Elfin moves on from Shamoon
Elfin has long been linked Shamoon, which was first used to conduct a sabotage attack on Saudi Aramco in 2012 but has been regularly used by Iran-linked APTs since 2016. While the group is not thought to be the creators of Shamoon, it is responsible for an uptick in its use using a modified version, sometimes known at Shamoon 2.0, since 2016. Italian oil services firm Saipem (of which Saudi Aramco is a customer) was hit with a Shamoon attack in December 2018 that Symantec had linked to Elfin.
The group has previously registered domains impersonating many companies in its targeted industries including Boeing, Alsalam Aircraft Company, Northrop Grumman and Vinnell, and featured recruitment-themed lures.
“Elfin was first linked to Shamoon when a Shamoon victim in Saudi Arabia was also attacked by Elfin, and infected with the Stonedrill malware,” says O’Brien. “Because the Elfin and the Shamoon attacks occurred so close to each other, there has been speculation that the two groups may be linked.”
More groups likely to use the WinRAR exploit
The Elfin group is not the only one looking to take advantage of WinRAR. Though a patch for the CVE-2018-20250 vulnerability — originally discovered by Checkpoint — has been issued, the software does not contain an auto-update feature.

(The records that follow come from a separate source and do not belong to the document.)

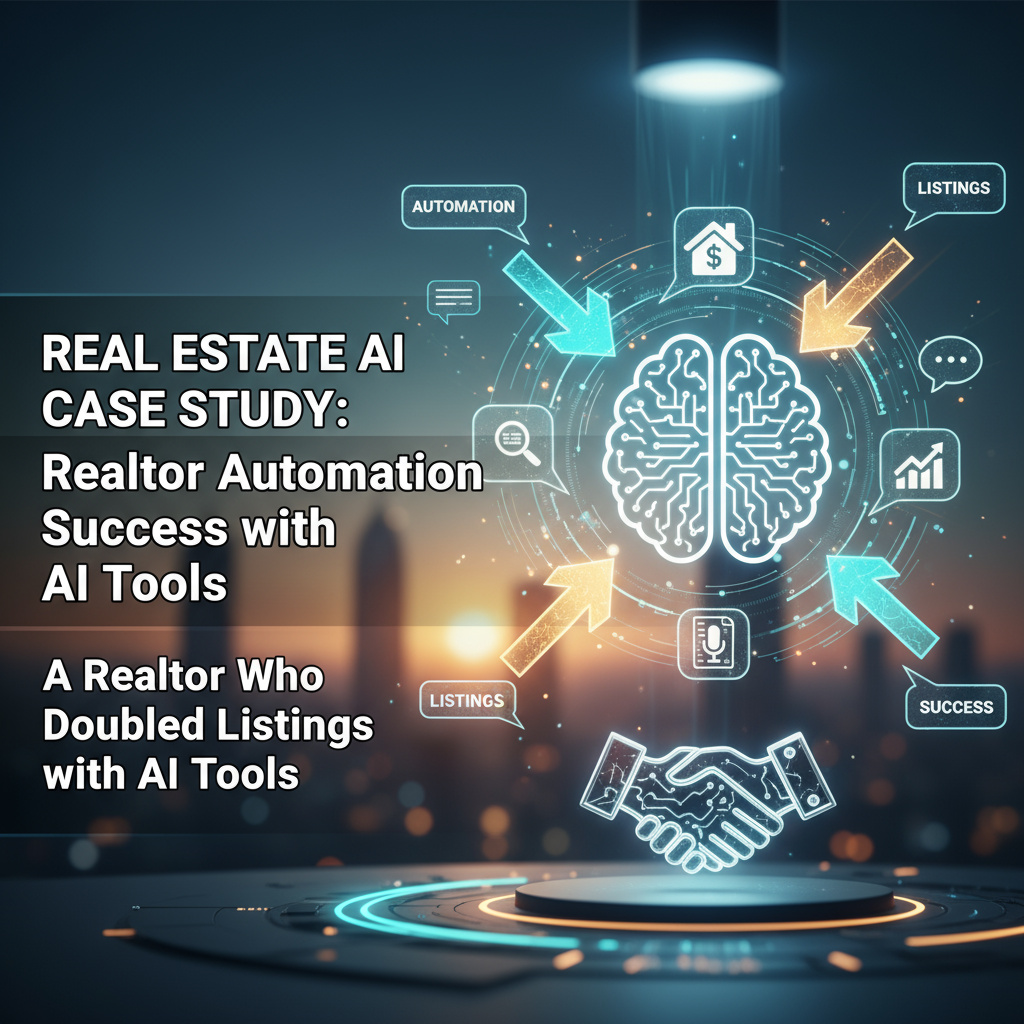 Real Estate AI Case Study: Realtor Automation Success with AI Tools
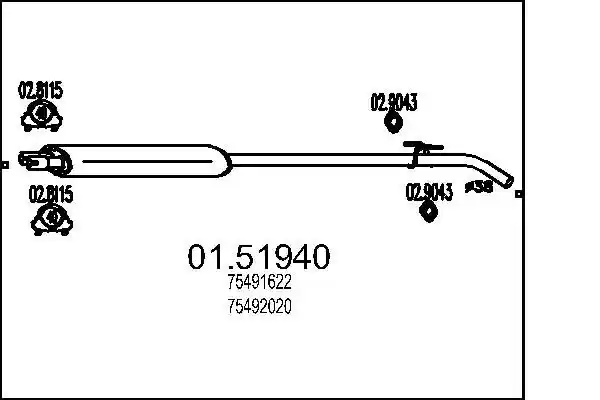 MTS 01.51940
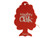 CarPlan RED001 Mighty Oak Air Freshener - Cherry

FireEye is reporting multiple campaigns underway exploiting the vulnerability. The security firm predicts more in the future due to the software’s popularity and the fact many will likely be running older version.
“While this vulnerability has been fixed in the latest version of WinRAR (5.70), WinRAR itself does not contain auto-update features, increasing the likelihood that many existing users remain running out-of-date versions,” FireEye Researcher Dileep Kumar Jallepalli explains in a blog post. “Because of the huge WinRAR customer-base, lack of auto-update feature and the ease of exploitation of this vulnerability, we believe this will be used by more threat actors in the upcoming days.”